Bancarotta impropria anche per le valutazioni
La Corte di Cassazione, nella sentenza n. 41541, depositata ieri, ha ribadito alcuni principi in tema di bancarotta fraudolenta impropria da false comunicazioni sociali, ex art. 223 comma 2 n. 1 del RD 267/42, e da operazioni dolose, ex art. 223 comma 2 n. 2 del RD 267/42.
Quanto alla prima, si ricorda come sia configurabile anche in relazione alla esposizione in bilancio di enunciati valutativi se l’agente, in presenza di criteri di valutazione normativamente fissati o di criteri tecnici generalmente accettati, se ne discosti consapevolmente e senza fornire adeguata informazione giustificativa, in modo concretamente idoneo a indurre in errore i destinatari delle comunicazioni (cfr. Cass. n. 46689/2016).

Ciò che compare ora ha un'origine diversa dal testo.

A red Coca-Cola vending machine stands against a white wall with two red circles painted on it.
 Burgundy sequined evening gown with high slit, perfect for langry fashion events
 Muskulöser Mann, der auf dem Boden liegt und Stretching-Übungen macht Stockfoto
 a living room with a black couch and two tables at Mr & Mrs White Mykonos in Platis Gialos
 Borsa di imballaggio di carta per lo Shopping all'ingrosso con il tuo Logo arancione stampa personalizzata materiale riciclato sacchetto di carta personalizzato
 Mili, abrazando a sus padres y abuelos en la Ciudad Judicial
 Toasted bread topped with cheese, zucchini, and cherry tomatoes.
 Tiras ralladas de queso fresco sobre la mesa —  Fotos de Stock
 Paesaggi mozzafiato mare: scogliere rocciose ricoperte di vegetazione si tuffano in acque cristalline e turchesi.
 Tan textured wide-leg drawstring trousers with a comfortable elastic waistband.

Quanto alla seconda, si conferma come le operazioni dolose potrebbero consistere anche nel sistematico inadempimento delle obbligazioni fiscali e previdenziali, ove questo sia frutto di una consapevole scelta gestionale da parte degli amministratori della società da cui consegua il prevedibile aumento della sua esposizione debitoria nei confronti dell’Erario e degli enti previdenziali (cfr. Cass. n. 24752/2018).
Dal punto di vista dell’elemento soggettivo, inoltre, non occorre il dolo specifico diretto alla causazione del fallimento, ma solo il dolo generico, ossia la coscienza e volontà delle singole operazioni e la prevedibilità del dissesto come conseguenza della condotta antidoverosa; circostanza ritraibile dall’aggravamento delle posizioni debitorie per l’applicazione degli interessi e delle sanzioni inflitte dagli enti erariali e previdenziali (cfr. Cass. n. 16111/2024).